→ TASK INSTRUCTIONS: One range is to be output from the listing below, exactly as written: the line with "Two Pine trees tattoo idea" to the line with "Figura 3 &ndash;", both kept.

→ EXERCISE MATERIALS:
..............................

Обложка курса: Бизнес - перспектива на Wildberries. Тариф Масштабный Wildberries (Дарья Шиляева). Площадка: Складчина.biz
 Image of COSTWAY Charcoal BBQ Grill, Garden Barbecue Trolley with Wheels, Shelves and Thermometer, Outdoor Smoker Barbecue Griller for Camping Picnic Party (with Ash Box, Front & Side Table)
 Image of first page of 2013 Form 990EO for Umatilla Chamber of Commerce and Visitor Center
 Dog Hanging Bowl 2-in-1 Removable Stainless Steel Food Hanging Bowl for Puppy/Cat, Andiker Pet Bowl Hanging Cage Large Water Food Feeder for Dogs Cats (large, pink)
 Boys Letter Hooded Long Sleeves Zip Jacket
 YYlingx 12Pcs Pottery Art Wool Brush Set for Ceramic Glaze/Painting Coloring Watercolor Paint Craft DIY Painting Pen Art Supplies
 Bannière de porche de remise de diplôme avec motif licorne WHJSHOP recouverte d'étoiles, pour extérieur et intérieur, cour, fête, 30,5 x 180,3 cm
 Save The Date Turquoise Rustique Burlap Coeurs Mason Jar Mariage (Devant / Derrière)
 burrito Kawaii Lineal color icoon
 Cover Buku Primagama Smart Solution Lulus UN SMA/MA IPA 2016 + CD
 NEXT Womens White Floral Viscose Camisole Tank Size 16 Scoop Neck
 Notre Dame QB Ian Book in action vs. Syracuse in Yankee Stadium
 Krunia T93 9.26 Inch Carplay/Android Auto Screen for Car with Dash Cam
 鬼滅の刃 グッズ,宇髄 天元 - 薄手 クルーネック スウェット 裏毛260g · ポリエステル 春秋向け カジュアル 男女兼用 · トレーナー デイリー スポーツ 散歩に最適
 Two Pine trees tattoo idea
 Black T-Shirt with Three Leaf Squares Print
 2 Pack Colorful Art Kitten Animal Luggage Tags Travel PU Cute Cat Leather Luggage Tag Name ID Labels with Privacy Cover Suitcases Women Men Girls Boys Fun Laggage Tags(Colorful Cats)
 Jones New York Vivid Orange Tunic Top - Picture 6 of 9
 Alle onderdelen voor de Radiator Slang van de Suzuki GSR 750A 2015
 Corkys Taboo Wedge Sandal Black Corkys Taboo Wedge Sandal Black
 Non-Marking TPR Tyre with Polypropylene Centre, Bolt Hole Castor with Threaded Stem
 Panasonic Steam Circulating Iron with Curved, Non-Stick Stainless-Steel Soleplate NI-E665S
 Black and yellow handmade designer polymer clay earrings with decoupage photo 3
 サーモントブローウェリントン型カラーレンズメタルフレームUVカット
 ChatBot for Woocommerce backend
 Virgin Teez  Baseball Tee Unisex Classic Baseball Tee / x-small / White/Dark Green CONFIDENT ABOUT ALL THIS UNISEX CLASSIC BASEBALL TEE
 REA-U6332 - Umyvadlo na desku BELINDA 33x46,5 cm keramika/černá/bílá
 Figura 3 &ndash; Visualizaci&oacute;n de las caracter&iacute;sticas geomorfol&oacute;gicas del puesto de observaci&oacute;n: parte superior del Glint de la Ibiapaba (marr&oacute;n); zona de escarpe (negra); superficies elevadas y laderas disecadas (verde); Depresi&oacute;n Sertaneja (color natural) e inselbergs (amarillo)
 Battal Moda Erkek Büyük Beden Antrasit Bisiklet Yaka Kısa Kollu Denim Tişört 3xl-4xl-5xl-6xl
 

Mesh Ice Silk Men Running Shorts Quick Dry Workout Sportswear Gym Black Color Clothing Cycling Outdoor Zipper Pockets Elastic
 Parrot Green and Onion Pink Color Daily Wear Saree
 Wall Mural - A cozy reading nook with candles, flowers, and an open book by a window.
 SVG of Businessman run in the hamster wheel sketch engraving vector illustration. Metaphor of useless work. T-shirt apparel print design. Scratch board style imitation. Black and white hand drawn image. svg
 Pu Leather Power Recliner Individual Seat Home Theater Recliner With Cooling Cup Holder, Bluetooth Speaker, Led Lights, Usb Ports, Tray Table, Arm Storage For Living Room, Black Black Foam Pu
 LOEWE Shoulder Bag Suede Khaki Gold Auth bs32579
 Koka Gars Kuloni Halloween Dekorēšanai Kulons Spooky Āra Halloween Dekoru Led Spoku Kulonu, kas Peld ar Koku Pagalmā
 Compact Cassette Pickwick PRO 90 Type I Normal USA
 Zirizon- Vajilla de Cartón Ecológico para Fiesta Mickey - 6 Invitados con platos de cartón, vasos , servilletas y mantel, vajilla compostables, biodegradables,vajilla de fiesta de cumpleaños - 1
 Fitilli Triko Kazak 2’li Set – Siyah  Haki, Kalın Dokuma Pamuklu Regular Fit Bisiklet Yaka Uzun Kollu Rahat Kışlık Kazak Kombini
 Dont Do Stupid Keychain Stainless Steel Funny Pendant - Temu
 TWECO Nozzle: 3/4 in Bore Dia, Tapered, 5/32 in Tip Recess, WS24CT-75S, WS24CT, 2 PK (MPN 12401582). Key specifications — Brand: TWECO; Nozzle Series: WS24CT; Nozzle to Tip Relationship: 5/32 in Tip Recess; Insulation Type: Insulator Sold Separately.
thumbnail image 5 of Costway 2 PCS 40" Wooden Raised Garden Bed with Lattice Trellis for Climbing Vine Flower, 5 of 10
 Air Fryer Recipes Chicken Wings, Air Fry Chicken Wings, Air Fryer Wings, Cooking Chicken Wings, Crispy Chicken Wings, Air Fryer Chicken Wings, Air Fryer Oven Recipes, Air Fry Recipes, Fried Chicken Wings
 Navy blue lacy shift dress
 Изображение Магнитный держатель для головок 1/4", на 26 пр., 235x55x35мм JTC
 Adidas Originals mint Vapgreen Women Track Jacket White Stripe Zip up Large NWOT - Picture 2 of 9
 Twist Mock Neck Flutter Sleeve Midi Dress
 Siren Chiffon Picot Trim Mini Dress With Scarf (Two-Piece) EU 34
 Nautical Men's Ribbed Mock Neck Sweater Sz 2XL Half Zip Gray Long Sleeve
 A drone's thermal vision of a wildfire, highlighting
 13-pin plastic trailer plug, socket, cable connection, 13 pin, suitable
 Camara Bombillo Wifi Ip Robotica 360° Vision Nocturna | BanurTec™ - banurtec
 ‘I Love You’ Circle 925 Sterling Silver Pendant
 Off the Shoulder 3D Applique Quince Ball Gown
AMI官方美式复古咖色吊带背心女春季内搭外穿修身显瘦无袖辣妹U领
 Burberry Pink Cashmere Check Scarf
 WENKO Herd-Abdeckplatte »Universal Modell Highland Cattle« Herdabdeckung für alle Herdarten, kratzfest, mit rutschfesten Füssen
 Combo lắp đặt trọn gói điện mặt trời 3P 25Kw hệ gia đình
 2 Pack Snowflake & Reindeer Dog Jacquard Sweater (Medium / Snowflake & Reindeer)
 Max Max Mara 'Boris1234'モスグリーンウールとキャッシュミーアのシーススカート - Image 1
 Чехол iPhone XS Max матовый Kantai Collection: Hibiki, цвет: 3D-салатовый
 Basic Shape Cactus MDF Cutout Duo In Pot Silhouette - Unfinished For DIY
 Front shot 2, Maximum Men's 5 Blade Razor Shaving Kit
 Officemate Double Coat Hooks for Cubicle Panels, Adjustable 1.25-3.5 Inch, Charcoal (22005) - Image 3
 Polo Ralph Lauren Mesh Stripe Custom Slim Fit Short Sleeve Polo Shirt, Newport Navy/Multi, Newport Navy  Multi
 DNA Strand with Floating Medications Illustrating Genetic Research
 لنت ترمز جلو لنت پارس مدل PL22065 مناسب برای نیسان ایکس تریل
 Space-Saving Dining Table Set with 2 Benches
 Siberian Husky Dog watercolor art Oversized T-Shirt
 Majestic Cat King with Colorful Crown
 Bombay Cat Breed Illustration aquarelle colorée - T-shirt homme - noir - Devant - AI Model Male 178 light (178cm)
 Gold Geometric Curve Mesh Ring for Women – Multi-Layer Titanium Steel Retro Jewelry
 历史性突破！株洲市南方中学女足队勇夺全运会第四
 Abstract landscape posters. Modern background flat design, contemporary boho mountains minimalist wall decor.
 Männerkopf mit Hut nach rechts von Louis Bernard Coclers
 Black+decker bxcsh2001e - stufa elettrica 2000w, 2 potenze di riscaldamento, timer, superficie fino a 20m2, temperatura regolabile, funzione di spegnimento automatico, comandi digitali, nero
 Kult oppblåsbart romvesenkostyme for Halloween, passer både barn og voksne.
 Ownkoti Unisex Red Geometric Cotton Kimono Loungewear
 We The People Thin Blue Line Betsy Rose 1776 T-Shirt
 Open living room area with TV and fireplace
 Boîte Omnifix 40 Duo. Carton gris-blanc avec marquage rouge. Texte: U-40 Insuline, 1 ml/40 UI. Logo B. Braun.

..............................

→ ANSWER AREA:
 Two Pine trees tattoo idea
 Black T-Shirt with Three Leaf Squares Print
 2 Pack Colorful Art Kitten Animal Luggage Tags Travel PU Cute Cat Leather Luggage Tag Name ID Labels with Privacy Cover Suitcases Women Men Girls Boys Fun Laggage Tags(Colorful Cats)
 Jones New York Vivid Orange Tunic Top - Picture 6 of 9
 Alle onderdelen voor de Radiator Slang van de Suzuki GSR 750A 2015
 Corkys Taboo Wedge Sandal Black Corkys Taboo Wedge Sandal Black
 Non-Marking TPR Tyre with Polypropylene Centre, Bolt Hole Castor with Threaded Stem
 Panasonic Steam Circulating Iron with Curved, Non-Stick Stainless-Steel Soleplate NI-E665S
 Black and yellow handmade designer polymer clay earrings with decoupage photo 3
 サーモントブローウェリントン型カラーレンズメタルフレームUVカット
 ChatBot for Woocommerce backend
 Virgin Teez  Baseball Tee Unisex Classic Baseball Tee / x-small / White/Dark Green CONFIDENT ABOUT ALL THIS UNISEX CLASSIC BASEBALL TEE
 REA-U6332 - Umyvadlo na desku BELINDA 33x46,5 cm keramika/černá/bílá
 Figura 3 &ndash; Visualizaci&oacute;n de las caracter&iacute;sticas geomorfol&oacute;gicas del puesto de observaci&oacute;n: parte superior del Glint de la Ibiapaba (marr&oacute;n); zona de escarpe (negra); superficies elevadas y laderas disecadas (verde); Depresi&oacute;n Sertaneja (color natural) e inselbergs (amarillo)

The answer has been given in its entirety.